JP's legislators are making last-minutes attempts to change a redistricting proposal that makes some residents unhappy.
The state is undergoing an historic redistricting process after Census figures caused the loss of one Congressional seat.
The plan on the table would change JP's representation in Washington by splitting the neighorhood between districts now represented by Congressmen Michael Capuano and Stephen Lynch, both Democrats.
Some residents see Lynch as too conservative for JP, and have contacted their state reps to complain, as the Gazette has reported.
As outlined in a , State Rep. Liz Malia (D-Boston) has offered an amendment to instead have all of JP in the renamed 7th District, the one now represented by Capuano. In this scenario, Charlestown would switch from what is Capuano's district to what is now Lynch's district.
State Rep. Jeffrey Sánchez also has an amendment. It would solve the concern differently, by switching precincts between the renamed 7th District (the one held by Capuano) and the 4th District, now represented by Barney Frank (D). Under this proposal, Taunton and Raynham would move into the new 8th District, a seat now held by Lynch.
Sánchez said he is seeking a solution where JP can share be with a neighbor that shares its progressive values.
Malia said she supports both her amendment and that of Sánchez, whichever one can pass.
But Malia, saying prospects for her amendment are very uncertain, signalled that many JP residents might need to get ready to be in Lynch's district.
"Political discourse is made much richer when people on one side of the fence have make arguments [to those on another side]," she said in a phone interview with Patch.

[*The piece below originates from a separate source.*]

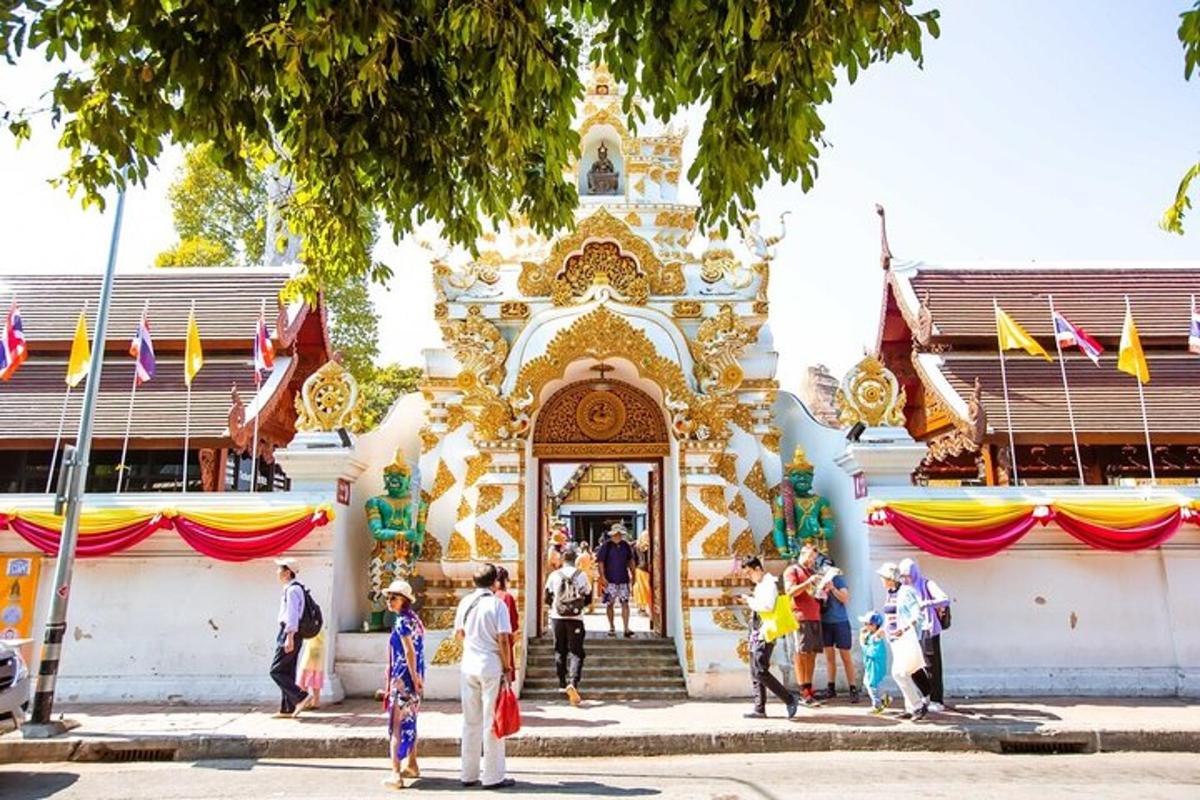 un grup de persones dempeus davant d'un temple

Malia said that redistricting has been handled very well and is something the state can be proud off — even if some individual communities don't get everything they want.

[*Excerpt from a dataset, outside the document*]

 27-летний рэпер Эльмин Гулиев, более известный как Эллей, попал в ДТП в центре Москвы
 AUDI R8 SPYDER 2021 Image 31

"In the big picture, the entire package is so important and so well done," said Malia.
Both Malia and Sánchez say a top priority is to preserve a strong "majority minority" district, the new 7th.

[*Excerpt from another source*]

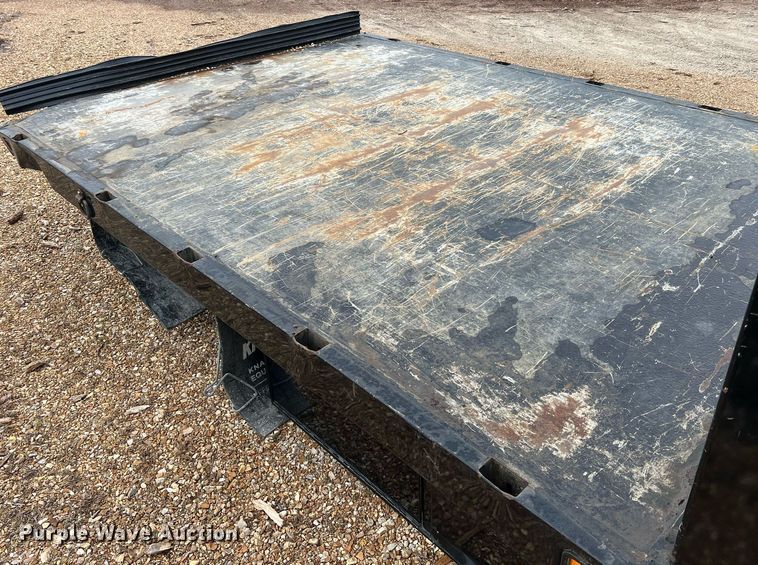 image for item NA9081 Knapheide PVMXS-113C  flatbed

Asked the odds of his amendment passing, Sánchez said he's working vigorously.
"I'm talking to everybody," he said. "We'll see what happens."
In the original proposal — the one before any amendments — here are the wards/precincts that would go from what is now Capuano's district to what is now Lynch's district:
Ward 11 — 9, 10
Ward 19 — Precincts 1, 3, 4, 5, 6, 8, 9
If you don't remember your precinct, you can look it up on the city's web site: http://www.cityofboston.gov/elections/voter/
Once the State House has voted on the redistricting, the issue would go to the State Senate, where aides to State Sen. Sonia Chang-Díaz have said she will likely propose an amendment addressing JP being split up.
“I’ve been hearing from residents throughout Jamaica Plain about having their neighborhood divided, and also because I believe this amendment will create a better map," Chang-Díaz wrote in a statement. "The amendment furthers both the Committee’s goal of strengthening the state’s only majority-minority district and its goal of keeping together communities with shared interests. And importantly, it does not break the Committee’s legal guideline of having zero difference in the total population of each congressional district.”
Chang-Díaz has been a key leader in the redistricting process, as vice chairman of the commitee that made the initial proposal.